Customer reported that the appstatus did not get updated if the node status is "noping". The command used was nodestat -up <node>.</node>
Customer wrote:
I have performed the following sanity check:
# rpower n01 off
# nodestat -up n01
noping(off)
# nodels n01 nodelist.appstatus nodelist.status
n01: nodelist.appstatus: xend=down,sshd=up,rdp=down,https=up,pbs=down,msrpc=down
n01: nodelist.status: noping(off)
# tabch node=n01 nodelist.appstatus=""
# nodels n01 nodelist.appstatus nodelist.status
n01: nodelist.appstatus:
n01: nodelist.status: noping(off)
# nodestat -up n01
noping(off)
# nodels n01 nodelist.appstatus nodelist.status
n01: nodelist.appstatus:
n01: nodelist.status: noping(off)
# rpower n01 on
# nodestat -up n01
sshd,https
# nodels n01 nodelist.appstatus nodelist.status
n01: nodelist.appstatus: xend=down,sshd=up,rdp=down,https=up,pbs=down,msrpc=down
n01: nodelist.status: ping
So it seems when a node is not responding (noping), the appstatus
field doesn't update. I assume some kind of code optimization (why
bother checking appstatus for a noping node) but it does present a
slightly more complex logic to my monitoring code,
How hard would it be to modify the code to update the appstatus
regardless of status=noping (or even automatically set everything to
'down')?
Fixed in 82c90e2227f3ed17a4a431a81a5cab0d42911d0a for xCAT 2.10.

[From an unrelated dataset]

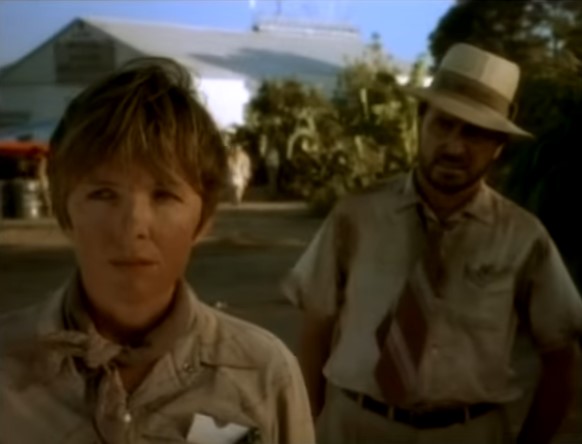 Amelia Earhart (Diane Keaton) avec le responsable de l'aérodrome de Lae en Nouvelle-Guinée prépare son dernier vol.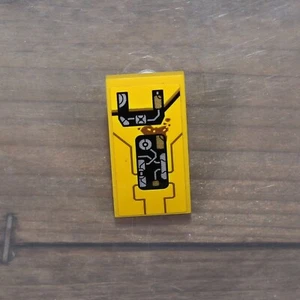 LEGO Ayesha's Revenge 76080 93606 Yellow Curved Bow 4x2 Right Side Sticker Qty 1 - Picture 1 of 3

For other versions, please get the attached nodestat.pm file and copy it under /opt/xcat/lib/perl/xCAT_plugin/ directory on both mn and sn (if any) to replace the original file. And restart xcatd on both mn and sn.
Last edit: Ling 2015-04-21
Ling, since you already checked in the code, should we close this bug? Thanks.
The new nodestat.pm completely removes the appstatus from the nodelist table. Is that the intended behavior?
I would prefer having it set all apps to "down", but if by design it should remove the appstatus, than it seems to work correctly.
For now we will just leave the appstatus blank if the node status is off.